Table 4.
Balanced Accuracy of Each of the Three Experts and the Automated Method against the Majority-Opinion-Based Ground Truth on Database A
| Accuracy | Expert 1 | Expert 2 | Expert 3 | Automated |
|---|---|---|---|---|
| NM | 99.8 (100, 99.6) | 98.4 (98.8, 98.0) | 99.4 (100, 98.8) | 95.5 (99.4, 91.5) |
| MH | 99.4 (100, 98.8) | 98.3 (98.6, 98.0) | 86.5 (73.0, 100) | 89.7 (89.1, 90.3) |
| ME | 92.4 (99.5, 85.4) | 94.9 (94.6, 95.1) | 91.7 (89.2, 94.3) | 87.3 (87.5, 87.0) |
| AMD | 94.2 (93.2, 95.2) | 94.0 (89.2, 98.8) | 92.0 (85.1, 98.8) | 89.3 (89.7, 88.8) |
| Average | 96.5 (98.2, 94.8) | 96.4 (95.3, 97.5) | 92.4 (86.8, 98.0) | 90.5 (91.4, 89.4) |
Shown is the balanced accuracy (sensitivity, specificity).
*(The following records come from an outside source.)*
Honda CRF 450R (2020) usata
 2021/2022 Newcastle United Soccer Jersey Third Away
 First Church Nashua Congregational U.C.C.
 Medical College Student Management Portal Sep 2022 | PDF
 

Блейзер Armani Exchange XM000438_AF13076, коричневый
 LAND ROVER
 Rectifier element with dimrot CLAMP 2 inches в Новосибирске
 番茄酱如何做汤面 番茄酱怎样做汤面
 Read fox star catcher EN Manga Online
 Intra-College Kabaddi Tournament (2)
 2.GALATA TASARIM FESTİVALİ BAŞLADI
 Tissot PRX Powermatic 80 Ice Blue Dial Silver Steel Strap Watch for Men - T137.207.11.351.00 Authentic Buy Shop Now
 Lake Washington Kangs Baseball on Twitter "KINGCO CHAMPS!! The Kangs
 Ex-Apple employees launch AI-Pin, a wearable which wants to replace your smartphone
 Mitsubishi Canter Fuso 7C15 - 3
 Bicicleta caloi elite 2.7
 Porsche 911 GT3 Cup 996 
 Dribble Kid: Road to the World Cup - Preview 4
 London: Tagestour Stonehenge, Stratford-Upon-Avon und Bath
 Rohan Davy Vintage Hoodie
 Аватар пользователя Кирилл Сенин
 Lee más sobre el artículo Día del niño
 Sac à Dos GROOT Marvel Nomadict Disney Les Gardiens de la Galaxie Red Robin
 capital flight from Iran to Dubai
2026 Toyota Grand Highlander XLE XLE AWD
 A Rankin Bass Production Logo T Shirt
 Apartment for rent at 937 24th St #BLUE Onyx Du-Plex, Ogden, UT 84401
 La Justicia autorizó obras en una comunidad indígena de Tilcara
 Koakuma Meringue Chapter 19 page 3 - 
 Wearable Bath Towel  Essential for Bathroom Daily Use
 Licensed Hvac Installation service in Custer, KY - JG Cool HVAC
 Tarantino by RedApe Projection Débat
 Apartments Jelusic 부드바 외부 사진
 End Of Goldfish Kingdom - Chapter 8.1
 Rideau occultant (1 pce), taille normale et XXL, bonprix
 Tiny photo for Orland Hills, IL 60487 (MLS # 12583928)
For the automated method, the best feature setting for each pathology was adopted (TS, t = 0.4; S, t = 0.4; TS, t = 0.4; and TS, t = 0.2, for NM, MH, ME, and AMD, respectively) The best balanced accuracy was derived from the mean of the output of the six runs.